He would drive his first
race behind the wheel of a hot rod fitted with a flathead Ford V8.
Would break land speed records at the Bonneville Salt Flats in
1954. Would finish a respectable second place driving an
Aston-Martin DBR3 against C-type Jags at Aintree. Would ride with
the Aston-Martin team at LeMans in 1954. Would win at Torrey Pines
with a 4.1 liter Mexico Ferrari. Would become Sports Illustrated's
1956 "Sports Car Driver of the Year". And the magazine's "Driver
of the Year" in 1957. Would win a 100 mile race at Riverside in a
V8 Maserati. Would co-drive an Aston-Martin DBR 1/300 and win the
coveted 24 hours of LeMans. Would drive a Scarab to first place at
Continental Divide Raceways in 1960. And in his last year of
racing, would win the USAC Driving Championship for 1960. Unable
to compete with a deteriorating heart condition, his final lap in
racing was now history. Fortunately for car lovers, a new path was
about to begin.
His racing career now over,
Shelby set his sites on automotive design. On creating cars that
would be faster, lighter, more nimble, and able to win against the
world's best.. The result of this quest: The Shelby Cobra. In
1965, the Shelby-American Team, racing Cobra's at the 12 Heures De
Reims in France, scored enough points to win the prestigious FIA
World Championship of GT cars. Taking the title virtually owned by
Ferrari for a decade. Building on their success, the
Shelby-American Team began racing Ford GT40's in international
competition. The result? A win at the LeMans 24 hour race In 1966.
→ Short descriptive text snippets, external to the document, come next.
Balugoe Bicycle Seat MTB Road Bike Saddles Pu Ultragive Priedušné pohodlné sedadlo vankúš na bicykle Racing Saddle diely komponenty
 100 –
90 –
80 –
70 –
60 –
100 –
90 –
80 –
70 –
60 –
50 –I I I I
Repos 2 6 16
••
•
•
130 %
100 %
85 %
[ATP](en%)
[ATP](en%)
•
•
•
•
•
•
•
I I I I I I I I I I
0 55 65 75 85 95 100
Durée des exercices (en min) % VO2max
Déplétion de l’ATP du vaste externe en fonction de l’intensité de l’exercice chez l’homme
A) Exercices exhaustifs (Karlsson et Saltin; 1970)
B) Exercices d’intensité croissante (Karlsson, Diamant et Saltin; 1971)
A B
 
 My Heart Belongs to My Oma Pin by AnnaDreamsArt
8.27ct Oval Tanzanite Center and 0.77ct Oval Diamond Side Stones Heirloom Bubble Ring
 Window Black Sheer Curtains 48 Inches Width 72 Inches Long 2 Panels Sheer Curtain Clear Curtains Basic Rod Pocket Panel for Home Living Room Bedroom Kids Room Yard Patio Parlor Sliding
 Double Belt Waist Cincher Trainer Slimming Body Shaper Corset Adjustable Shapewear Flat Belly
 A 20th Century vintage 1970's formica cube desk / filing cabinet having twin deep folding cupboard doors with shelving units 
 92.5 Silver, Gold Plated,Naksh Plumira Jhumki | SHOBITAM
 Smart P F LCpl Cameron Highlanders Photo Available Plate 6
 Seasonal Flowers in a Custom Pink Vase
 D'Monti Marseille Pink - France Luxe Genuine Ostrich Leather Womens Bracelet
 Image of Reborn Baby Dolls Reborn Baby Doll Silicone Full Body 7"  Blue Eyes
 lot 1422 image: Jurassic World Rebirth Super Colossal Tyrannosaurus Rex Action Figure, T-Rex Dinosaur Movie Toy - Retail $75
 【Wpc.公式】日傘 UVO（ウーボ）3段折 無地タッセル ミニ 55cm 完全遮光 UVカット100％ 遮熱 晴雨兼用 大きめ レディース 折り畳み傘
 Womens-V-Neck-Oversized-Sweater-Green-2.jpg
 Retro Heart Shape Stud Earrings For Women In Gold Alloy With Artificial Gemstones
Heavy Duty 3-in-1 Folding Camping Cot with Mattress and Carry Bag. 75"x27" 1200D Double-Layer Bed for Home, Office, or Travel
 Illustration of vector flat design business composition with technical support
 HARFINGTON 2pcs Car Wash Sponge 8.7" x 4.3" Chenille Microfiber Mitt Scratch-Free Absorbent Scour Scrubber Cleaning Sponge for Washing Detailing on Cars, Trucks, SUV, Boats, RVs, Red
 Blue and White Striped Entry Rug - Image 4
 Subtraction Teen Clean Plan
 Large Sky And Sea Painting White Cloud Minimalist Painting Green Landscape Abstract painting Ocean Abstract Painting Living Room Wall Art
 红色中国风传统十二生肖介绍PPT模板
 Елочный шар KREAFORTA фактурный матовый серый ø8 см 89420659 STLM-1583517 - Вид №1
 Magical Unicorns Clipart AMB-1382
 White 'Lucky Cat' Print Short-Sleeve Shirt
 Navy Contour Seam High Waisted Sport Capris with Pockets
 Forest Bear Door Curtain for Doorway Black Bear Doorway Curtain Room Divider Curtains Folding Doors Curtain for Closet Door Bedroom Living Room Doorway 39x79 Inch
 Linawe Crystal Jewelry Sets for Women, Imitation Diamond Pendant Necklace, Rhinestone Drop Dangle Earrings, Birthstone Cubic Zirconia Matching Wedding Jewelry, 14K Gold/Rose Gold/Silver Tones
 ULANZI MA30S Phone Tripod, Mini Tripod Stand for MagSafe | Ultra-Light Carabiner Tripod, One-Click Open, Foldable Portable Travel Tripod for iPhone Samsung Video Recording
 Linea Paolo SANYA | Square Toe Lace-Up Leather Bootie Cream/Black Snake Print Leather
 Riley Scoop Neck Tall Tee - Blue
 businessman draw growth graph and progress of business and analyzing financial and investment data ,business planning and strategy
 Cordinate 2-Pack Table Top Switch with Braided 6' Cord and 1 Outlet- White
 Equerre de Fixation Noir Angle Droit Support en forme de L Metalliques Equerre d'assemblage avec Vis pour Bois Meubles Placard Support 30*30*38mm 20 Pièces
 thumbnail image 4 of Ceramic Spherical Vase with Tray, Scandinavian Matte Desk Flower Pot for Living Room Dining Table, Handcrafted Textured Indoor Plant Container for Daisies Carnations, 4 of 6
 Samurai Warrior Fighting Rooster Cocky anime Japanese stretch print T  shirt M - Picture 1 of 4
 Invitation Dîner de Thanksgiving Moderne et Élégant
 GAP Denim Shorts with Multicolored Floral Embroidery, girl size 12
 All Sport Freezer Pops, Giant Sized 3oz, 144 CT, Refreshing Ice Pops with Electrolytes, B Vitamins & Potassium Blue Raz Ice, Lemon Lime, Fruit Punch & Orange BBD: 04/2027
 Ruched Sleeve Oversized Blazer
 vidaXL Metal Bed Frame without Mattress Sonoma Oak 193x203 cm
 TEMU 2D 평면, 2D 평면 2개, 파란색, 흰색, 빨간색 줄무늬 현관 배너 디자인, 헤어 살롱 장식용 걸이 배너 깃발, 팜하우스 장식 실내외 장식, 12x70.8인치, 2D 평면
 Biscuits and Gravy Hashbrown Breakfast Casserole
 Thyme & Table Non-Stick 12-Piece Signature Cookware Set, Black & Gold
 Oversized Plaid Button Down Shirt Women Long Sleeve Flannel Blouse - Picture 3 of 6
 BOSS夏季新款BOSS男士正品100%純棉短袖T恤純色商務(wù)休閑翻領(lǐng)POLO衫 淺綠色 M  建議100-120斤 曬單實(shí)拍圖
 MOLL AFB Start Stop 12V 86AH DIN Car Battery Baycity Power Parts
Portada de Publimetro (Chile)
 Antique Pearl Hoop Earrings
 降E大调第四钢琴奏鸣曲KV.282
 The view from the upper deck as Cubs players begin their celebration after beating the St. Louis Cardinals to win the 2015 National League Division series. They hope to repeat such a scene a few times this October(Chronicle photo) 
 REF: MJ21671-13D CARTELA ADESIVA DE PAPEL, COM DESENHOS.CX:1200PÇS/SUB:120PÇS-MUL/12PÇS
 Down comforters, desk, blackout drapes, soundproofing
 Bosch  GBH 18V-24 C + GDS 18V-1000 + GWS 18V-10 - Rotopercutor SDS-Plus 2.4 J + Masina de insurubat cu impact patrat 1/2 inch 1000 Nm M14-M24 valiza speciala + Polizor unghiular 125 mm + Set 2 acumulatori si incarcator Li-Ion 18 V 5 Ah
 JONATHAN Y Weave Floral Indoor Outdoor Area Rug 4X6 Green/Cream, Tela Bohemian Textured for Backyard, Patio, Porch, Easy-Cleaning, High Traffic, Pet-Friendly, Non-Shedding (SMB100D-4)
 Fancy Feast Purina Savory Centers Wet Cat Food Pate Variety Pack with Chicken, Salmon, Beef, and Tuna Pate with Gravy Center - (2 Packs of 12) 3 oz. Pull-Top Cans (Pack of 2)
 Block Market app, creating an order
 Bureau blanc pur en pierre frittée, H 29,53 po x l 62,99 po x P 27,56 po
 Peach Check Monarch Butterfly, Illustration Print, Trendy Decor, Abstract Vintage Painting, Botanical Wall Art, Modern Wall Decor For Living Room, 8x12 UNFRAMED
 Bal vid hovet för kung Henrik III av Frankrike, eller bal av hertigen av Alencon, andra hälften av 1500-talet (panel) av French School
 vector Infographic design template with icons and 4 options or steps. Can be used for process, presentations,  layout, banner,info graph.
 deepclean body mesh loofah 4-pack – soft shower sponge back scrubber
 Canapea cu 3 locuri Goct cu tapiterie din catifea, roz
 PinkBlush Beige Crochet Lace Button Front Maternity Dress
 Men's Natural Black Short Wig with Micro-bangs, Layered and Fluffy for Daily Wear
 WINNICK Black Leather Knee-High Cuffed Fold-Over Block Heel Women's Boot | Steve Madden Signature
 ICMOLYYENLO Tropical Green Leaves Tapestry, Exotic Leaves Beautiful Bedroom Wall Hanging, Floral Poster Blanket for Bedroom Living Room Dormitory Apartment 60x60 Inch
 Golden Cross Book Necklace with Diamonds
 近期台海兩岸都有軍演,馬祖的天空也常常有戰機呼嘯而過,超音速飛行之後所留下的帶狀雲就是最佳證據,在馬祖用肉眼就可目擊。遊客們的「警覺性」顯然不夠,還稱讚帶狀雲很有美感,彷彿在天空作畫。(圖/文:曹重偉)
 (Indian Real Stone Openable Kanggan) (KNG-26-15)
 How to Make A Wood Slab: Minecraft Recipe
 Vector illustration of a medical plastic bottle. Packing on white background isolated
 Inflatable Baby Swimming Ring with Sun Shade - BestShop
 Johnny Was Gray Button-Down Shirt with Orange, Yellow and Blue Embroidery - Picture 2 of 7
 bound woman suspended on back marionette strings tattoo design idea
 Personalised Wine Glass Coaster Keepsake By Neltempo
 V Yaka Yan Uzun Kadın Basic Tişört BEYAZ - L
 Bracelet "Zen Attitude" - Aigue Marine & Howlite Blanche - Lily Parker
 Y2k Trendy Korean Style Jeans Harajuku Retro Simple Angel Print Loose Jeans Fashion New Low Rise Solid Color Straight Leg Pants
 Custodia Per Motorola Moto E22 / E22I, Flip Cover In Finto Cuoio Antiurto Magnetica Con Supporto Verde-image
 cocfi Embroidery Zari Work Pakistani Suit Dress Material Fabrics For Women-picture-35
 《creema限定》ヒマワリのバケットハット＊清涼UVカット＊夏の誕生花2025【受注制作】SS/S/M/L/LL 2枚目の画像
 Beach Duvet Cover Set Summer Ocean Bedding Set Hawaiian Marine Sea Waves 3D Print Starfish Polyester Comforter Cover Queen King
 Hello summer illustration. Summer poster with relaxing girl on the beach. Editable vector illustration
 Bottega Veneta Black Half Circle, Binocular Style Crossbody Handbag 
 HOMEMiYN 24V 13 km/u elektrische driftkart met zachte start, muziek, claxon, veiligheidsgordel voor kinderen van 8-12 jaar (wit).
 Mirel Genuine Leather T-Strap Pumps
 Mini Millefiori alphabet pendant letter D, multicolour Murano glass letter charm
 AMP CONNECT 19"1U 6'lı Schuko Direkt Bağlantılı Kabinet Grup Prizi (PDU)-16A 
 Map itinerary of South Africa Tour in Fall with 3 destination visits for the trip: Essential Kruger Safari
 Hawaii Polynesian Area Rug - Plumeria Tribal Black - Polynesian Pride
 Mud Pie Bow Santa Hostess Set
And another in 1967. At the request of Ford, Shelby began
developing a high-performance Mustang for the street and track.
The popular success of the Shelby Mustangs of 1965-1970 were, in
large part, the result of Shelby's racing and design skills. But
Shelby's vision of building another high-performance car would
continue. Serving as the guiding inspiration, in the 90's, Shelby
American developed the awesome Shelby Series 1, the fastest car
ever tested in the standing measured mile. Shelby also helped
Chrysler develop the fast, sleek and powerful Viper. It was
achievements like these that led to Carroll Shelby's induction
into the Automotive Hall of Fame in 1992. Not bad for a guy from
Leesburg, Texas who began his career racing hot rods.
Carroll Shelby has again
turned his attention to making high-performance cars that will be
the standard for future generations. Will he be successful? If
past performance is any indication of future results, we have only
four words of advice: FASTEN YOUR SEAT BELTS.